Couch or sofa? Words face their own survival of the fittest
Release Date 22 March 2019
The words we choose to describe our world face their own version of the survival of the fittest, according to new research from evolutionary biologists.
A paper published in PNAS on Monday 18 March reveals the Darwinian-style evolution of words we choose to name and designate everything from food to furniture, often with the word bearing little connection between word and meaning.
Professor Mark Pagel from the University of Reading who led the study said:
“We observed a form of linguistic market force where the more a word is used, the exponentially more it is likely to be preferred. It seems that our tendency to use a word grows disproportionately faster than how often others use it. Effectively, we ‘copy with a purpose’.”
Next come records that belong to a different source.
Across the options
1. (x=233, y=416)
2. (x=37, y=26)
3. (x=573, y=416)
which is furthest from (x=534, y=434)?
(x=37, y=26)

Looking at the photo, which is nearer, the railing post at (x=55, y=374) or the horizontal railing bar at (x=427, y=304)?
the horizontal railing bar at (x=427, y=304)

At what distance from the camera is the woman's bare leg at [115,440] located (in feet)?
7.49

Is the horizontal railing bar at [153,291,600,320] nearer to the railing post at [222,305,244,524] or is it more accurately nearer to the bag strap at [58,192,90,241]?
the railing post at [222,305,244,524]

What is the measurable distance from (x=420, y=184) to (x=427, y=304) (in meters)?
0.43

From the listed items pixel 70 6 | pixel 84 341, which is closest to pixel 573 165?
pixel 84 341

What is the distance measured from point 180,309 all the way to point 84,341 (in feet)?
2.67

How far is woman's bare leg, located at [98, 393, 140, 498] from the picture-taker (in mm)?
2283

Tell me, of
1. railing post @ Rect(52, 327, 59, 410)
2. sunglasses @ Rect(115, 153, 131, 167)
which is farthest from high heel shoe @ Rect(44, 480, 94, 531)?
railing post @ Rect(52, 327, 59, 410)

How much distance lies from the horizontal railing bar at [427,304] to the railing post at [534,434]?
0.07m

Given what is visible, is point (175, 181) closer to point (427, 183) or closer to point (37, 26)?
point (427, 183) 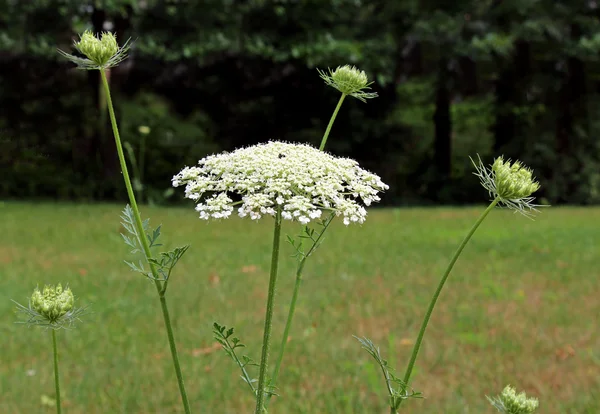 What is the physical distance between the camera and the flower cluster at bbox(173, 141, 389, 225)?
1.39 meters

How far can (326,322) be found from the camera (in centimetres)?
457

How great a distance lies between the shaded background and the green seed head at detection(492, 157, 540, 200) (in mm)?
10582

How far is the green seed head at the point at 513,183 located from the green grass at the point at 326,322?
2.00 m

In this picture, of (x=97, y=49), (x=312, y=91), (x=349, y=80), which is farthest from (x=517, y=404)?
(x=312, y=91)

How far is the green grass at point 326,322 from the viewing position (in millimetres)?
3410

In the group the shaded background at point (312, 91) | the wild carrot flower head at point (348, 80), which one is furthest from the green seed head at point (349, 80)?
the shaded background at point (312, 91)

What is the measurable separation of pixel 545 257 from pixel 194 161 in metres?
9.02

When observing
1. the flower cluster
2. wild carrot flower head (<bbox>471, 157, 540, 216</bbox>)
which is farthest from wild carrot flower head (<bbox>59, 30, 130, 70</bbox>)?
wild carrot flower head (<bbox>471, 157, 540, 216</bbox>)

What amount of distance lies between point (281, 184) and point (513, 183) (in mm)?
551

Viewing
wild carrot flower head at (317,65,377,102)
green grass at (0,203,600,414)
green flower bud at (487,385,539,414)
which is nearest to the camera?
green flower bud at (487,385,539,414)

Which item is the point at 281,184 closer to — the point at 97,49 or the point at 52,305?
the point at 97,49

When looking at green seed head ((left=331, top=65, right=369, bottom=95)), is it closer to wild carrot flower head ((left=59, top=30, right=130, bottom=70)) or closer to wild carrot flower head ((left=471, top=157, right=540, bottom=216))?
wild carrot flower head ((left=471, top=157, right=540, bottom=216))

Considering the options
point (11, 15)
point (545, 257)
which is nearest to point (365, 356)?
point (545, 257)

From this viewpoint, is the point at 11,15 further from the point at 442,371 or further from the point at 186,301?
the point at 442,371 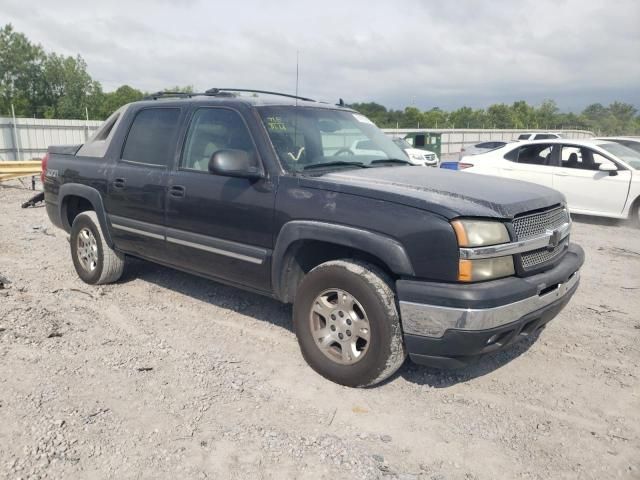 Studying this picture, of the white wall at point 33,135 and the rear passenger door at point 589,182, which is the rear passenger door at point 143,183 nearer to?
the rear passenger door at point 589,182

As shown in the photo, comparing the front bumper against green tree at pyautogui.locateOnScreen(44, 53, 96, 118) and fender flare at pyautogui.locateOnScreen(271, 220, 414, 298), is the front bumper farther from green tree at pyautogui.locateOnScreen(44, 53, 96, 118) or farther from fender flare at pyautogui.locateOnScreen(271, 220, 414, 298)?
green tree at pyautogui.locateOnScreen(44, 53, 96, 118)

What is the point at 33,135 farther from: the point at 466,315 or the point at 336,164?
the point at 466,315

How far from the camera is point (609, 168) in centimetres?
927

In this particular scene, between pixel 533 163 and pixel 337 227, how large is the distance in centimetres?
795

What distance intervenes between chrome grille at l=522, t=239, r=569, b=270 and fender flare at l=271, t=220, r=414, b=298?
728 mm

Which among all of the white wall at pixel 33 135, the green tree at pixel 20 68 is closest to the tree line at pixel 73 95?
the green tree at pixel 20 68

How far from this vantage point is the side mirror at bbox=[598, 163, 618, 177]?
9.21 meters

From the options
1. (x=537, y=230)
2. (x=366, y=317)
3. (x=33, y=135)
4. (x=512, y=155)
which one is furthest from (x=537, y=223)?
(x=33, y=135)

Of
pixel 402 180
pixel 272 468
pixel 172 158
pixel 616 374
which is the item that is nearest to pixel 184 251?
pixel 172 158

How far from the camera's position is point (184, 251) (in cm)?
449

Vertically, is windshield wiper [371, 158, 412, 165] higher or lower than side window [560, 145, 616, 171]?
higher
The paper also explores how in fewer than 10% of cases, multiple words may exist that mean the same thing, such as sofa, settee and couch.
The researchers noted that the theory explained how some words and their alternatives come to dominate usage depending on area, such as the development of a dominant use of the word sofa in the UK, and couch in the USA.
Prof Pagel said:
“The possible interaction between language and social immobility means that the mechanism we have identified would make it easy — even likely — that different words would rise to the top in different places. This is because words are not, by and large, preferred because they are ‘better’ but because they get used. So, small local fluctuations could and do cause some words to take off locally.
“Sofa-couch-settee is a really nice example because in the UK, sofa now dominates but in America couch dominates even though both words are used in both places. Equally, it’s very likely that this is the reason why a bread roll has so many different names depending on where you are in the UK.”